Wednesday, 16 June 2010

Butterbeans, garlic, mint and words, words, words...

Listening to Baby Birch by Joanna Newsom, parked in the Station car park at Marazion.
Feeling the day begin to warm, the morning sun steams yesterdays rain back into the atmosphere.
Penzance is lit by a Turneresque blast of light while the Mount broods in a sinister silhouette.
All the time the waves incessantly roll in… 7,8,9 repetitions, not big enough to surf and too big to kayak, only the Herring gulls use the beach this morning, scavenging the whipped shoreline.
The powder blue sky is reflected on the surface of the restless, foaming sea.
Dashes of Sienna and Paynes Grey shadows give form to the waves.

Home to the studio for a morning of mounting, wrapping, packing and posting of RNLI studies.

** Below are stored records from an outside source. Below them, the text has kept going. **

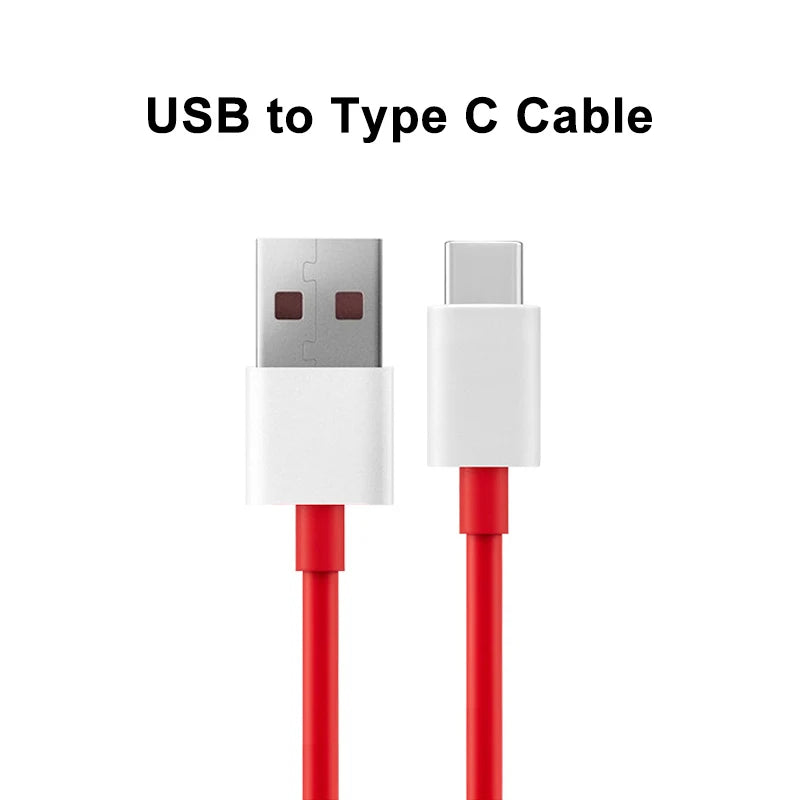 Super Fast Charging Cable For OnePlus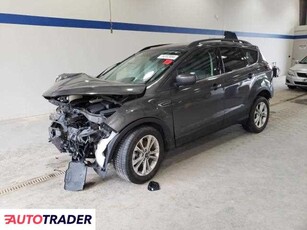 Ford Escape 1.0 benzyna 2018r. (SANDSTON)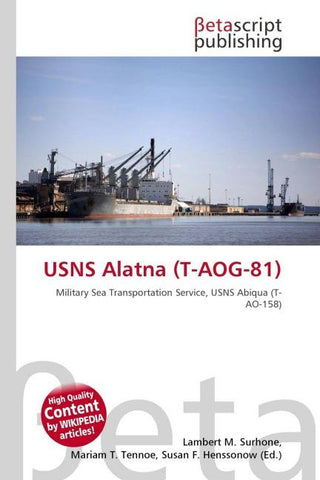 USNS Alatna (T-AOG-81)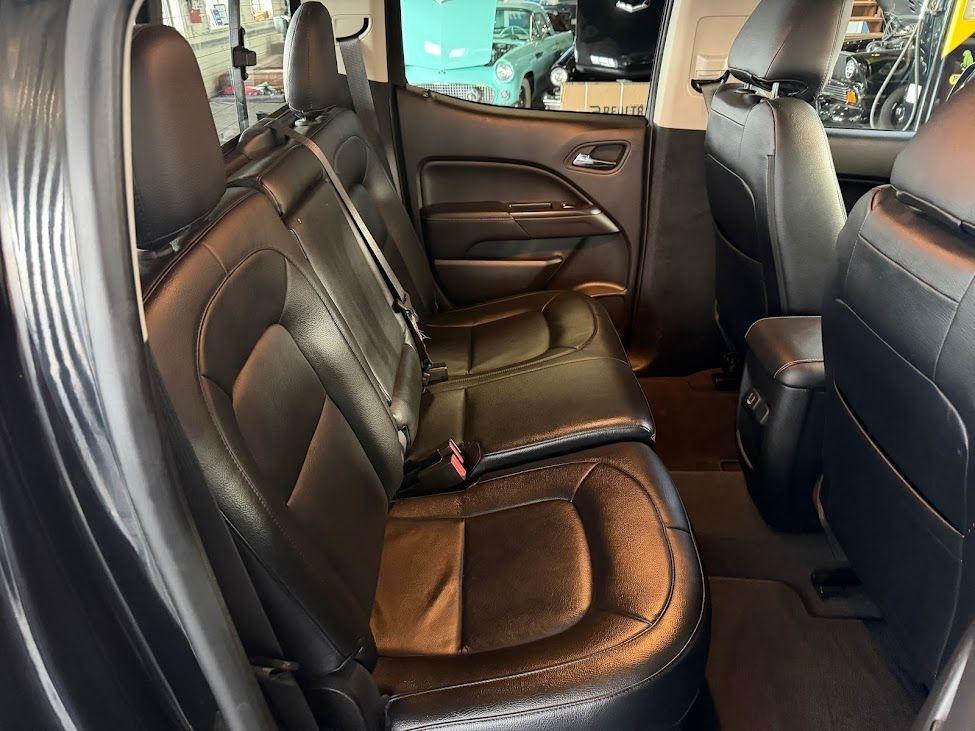 GMC Canyon SLE Crew Cab 4WD 2019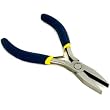 Jewelers Flat Nose Pliers Crafters Beading Wire Tool 5"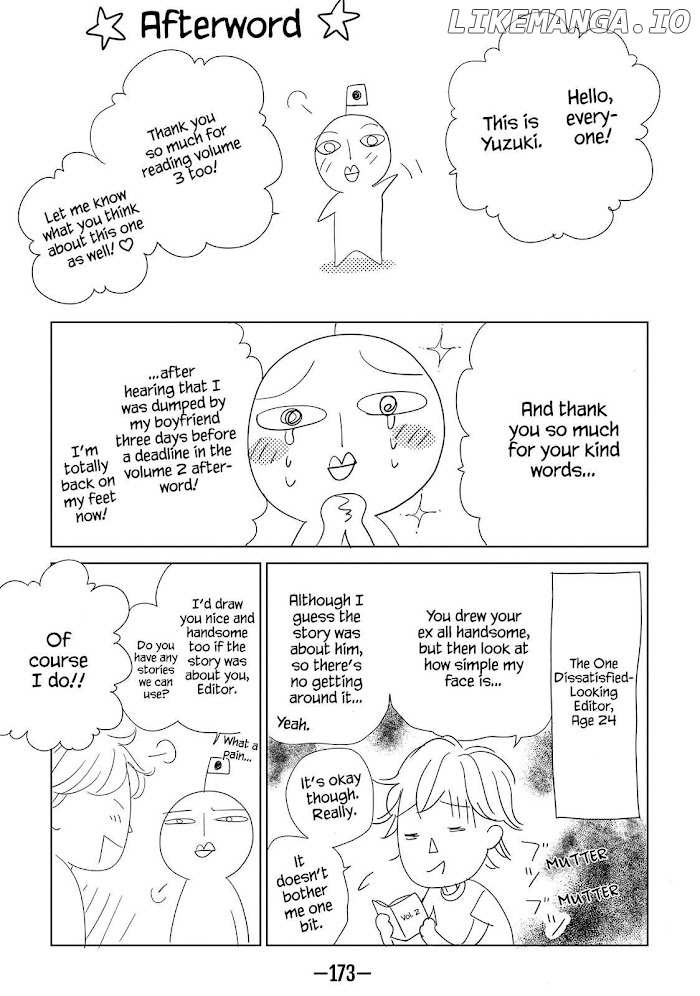 Ouji-sama ni wa Doku ga Aru. chapter 11 - page 43
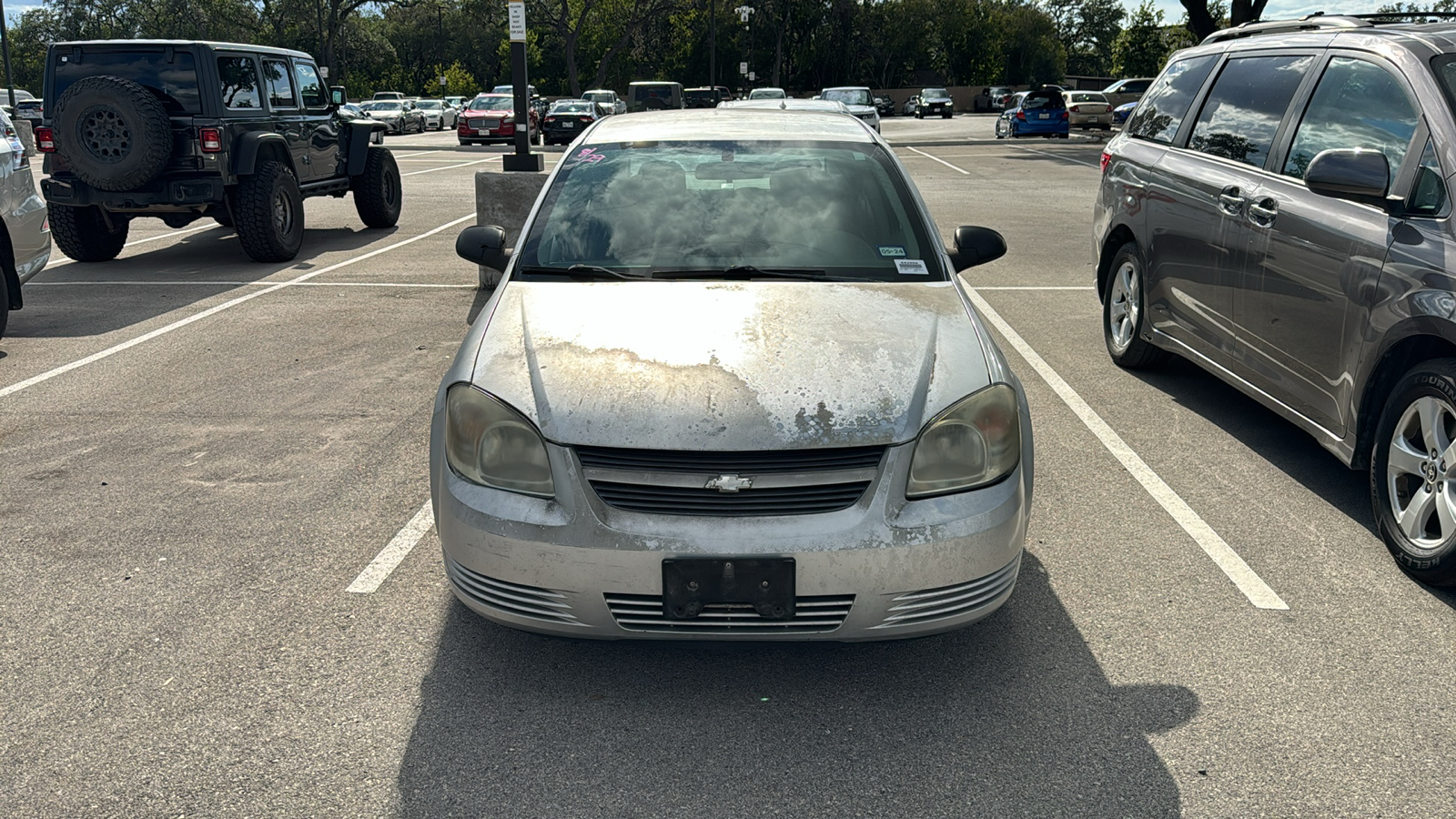 2010 Chevrolet Cobalt LS 2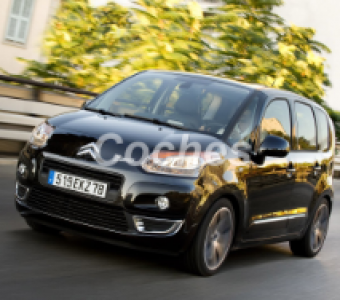 Citroen C3 Picasso  2010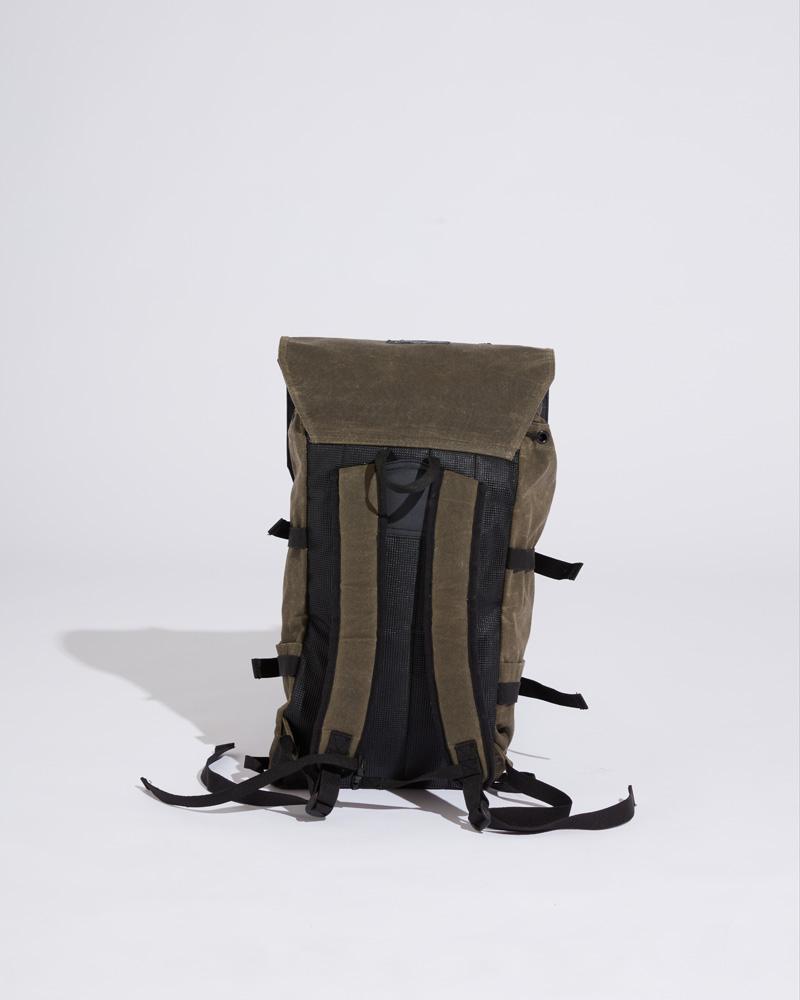Remote Projects RUGGED BACKPACK - BUSH - Board Store Remote ProjectsBackpack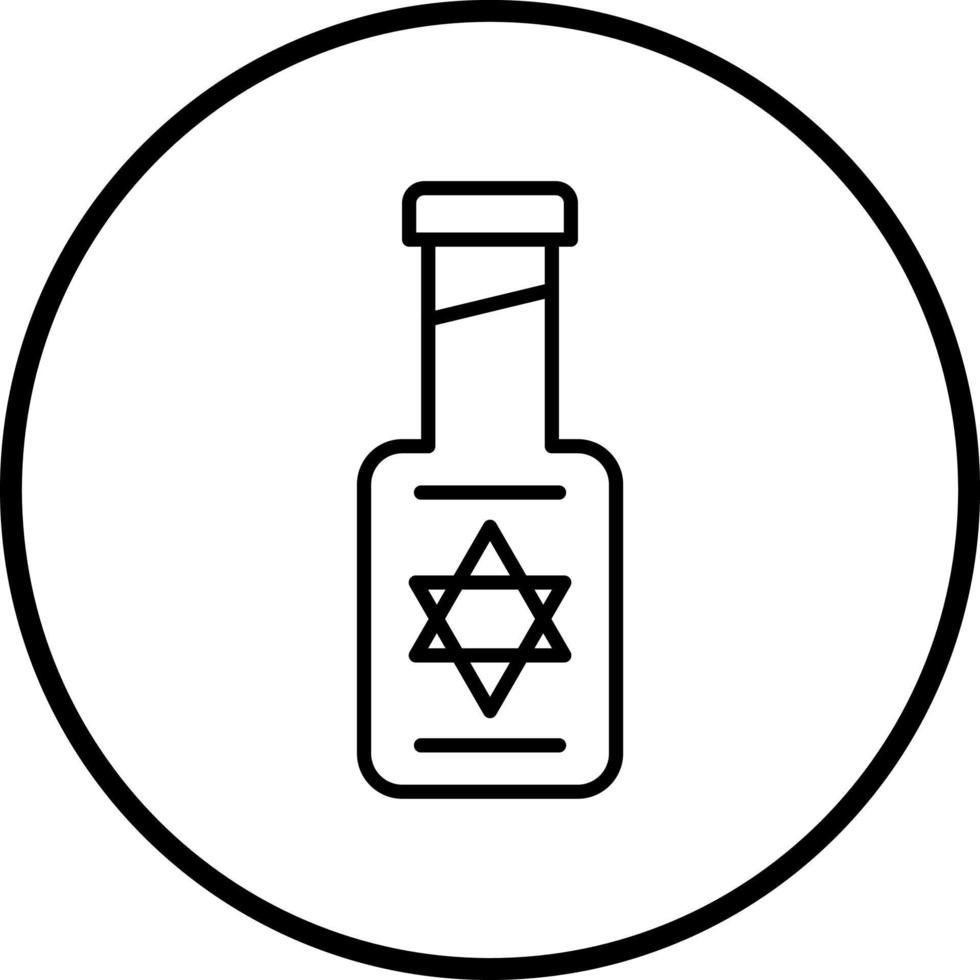 Kosher Vector Icon Style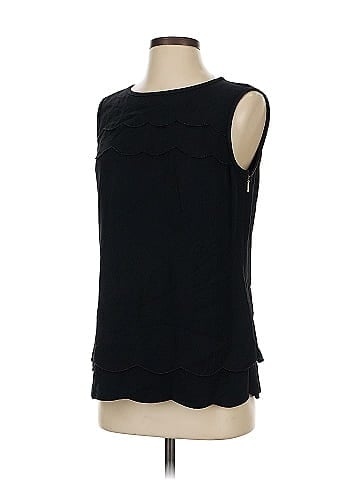 Tory Burch Sleeveless Blouse (view 2)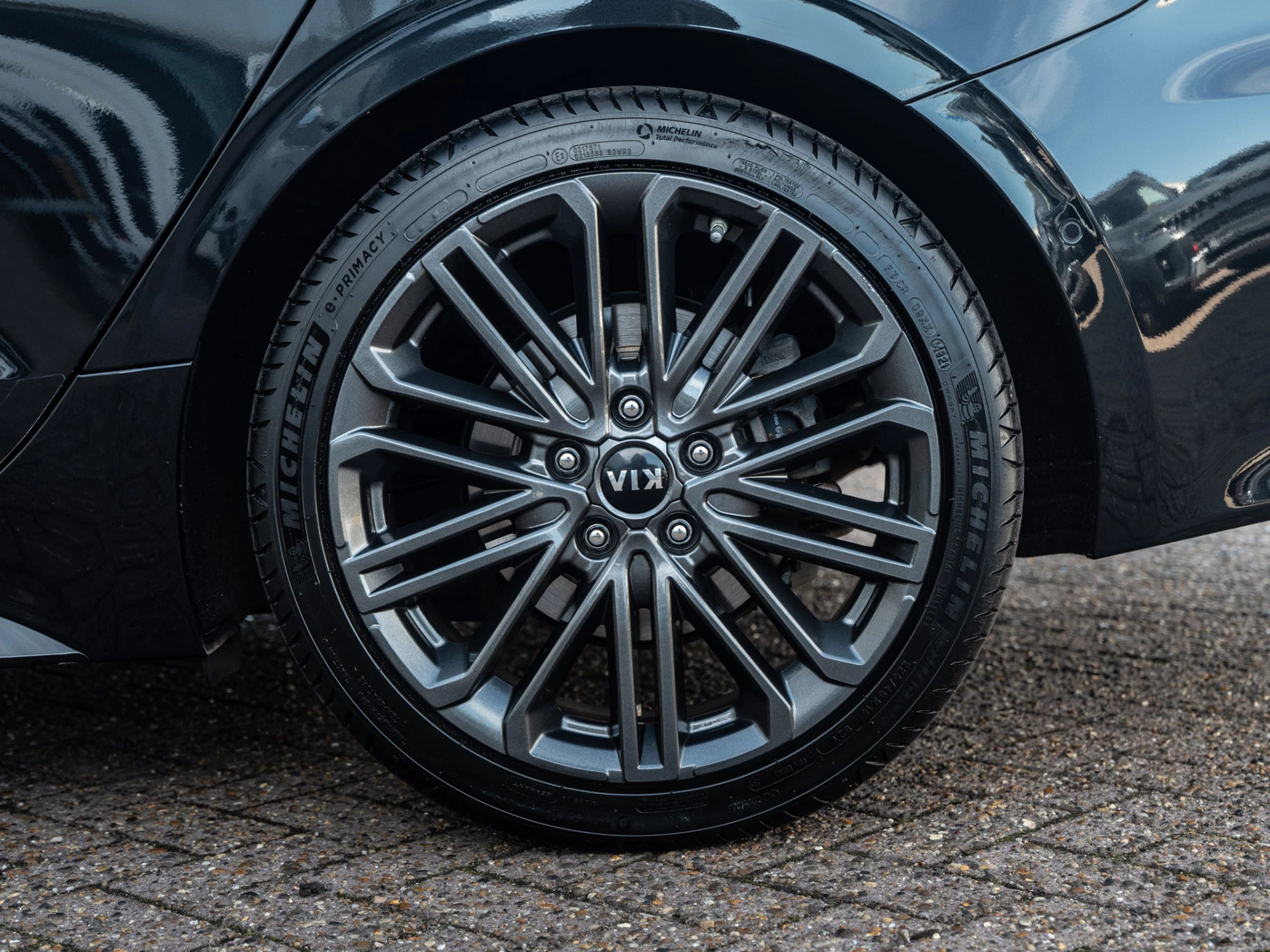 Hoofdafbeelding Kia ProCeed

Lunch consists of mashed butterbeans, garlic, mint and olive oil with tiny plum tomatoes, roasted on a glass Pyrex dish so that the intense juices can’t escape.
The mash is spread onto toasted spelt with the tomatoes and accompanying juices spooned on top.
Followed by a mug of tea and piece of cappuccino cake.

The afternoon is spent busily writing an article about using acrylics and mixed media for The Artist magazine while the sun pops his head out, in between dark clouds that threaten but fail to fulfil.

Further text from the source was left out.